Alberto Fernandez, with Cristina Fernandez de Kirchner as his running mate, likely to unseat Mauricio Macri, polls show.

About 34 million Argentines will head to the polls on Sunday in an election widely expected to cement the end of President Mauricio Macri's term.

Most opinion surveys predict Alberto Fernandez, the centre-left leader of the Frente de Todos (Front for All) opposition ticket, will soundly beat Macri, who leads a coalition known as Juntos por el Cambio (Together for Change).

Fernandez's running mate is former President Cristina Fernandez de Kirchner, a divisive and powerful political figure in the country. The pair won the presidential primaries in August by a surprising 16-point margin.

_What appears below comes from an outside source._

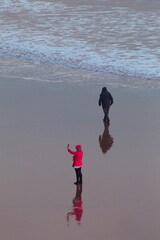 People walk on the sandy beach in town of Sidmouth, Devon. Reflection on the water surface.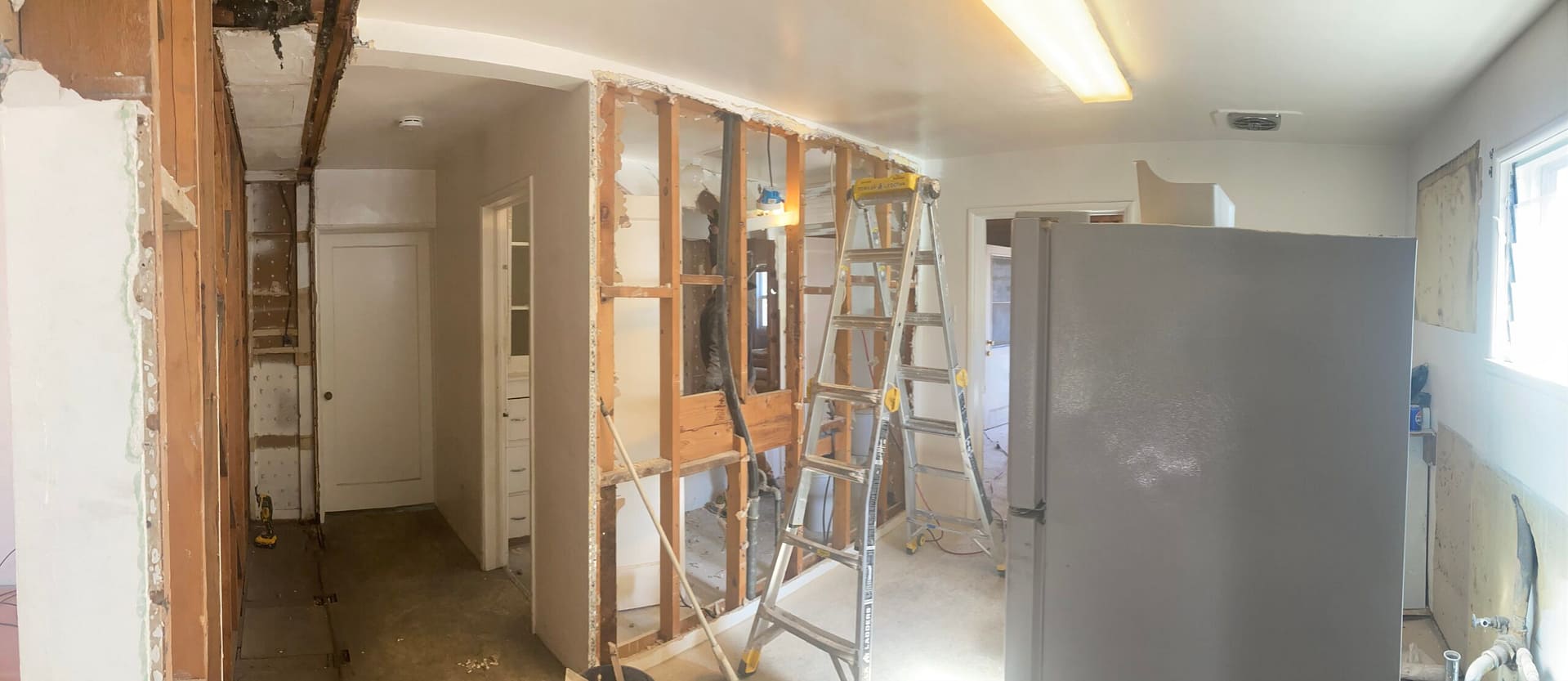 Interior demolition during kitchen remodeling showing removed drywall, exposed wall studs, and opened interior walls by On Point Construction.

Argentines are angry over the country's struggling economy and the austerity measures put in place under Macri.

"You come to La Matanza, and you say Macri, and you're uttering a bad word," said 32-year-old Jose Galeano, a bus driver who navigates the modest neighbourhoods of La Matanza, a county in the densely-populated and poverty-stricken "conurbano" region of Buenos Aires.

Macri rose to power in 2015 on a promise to kick start the economy, but his free-market policies have not delivered and austerity cuts have made life harder for many Argentines. More than one-third of the country lives below the poverty line, unemployment is at 10.6 percent, and the rate of inflation is expected to hit 55 percent this year.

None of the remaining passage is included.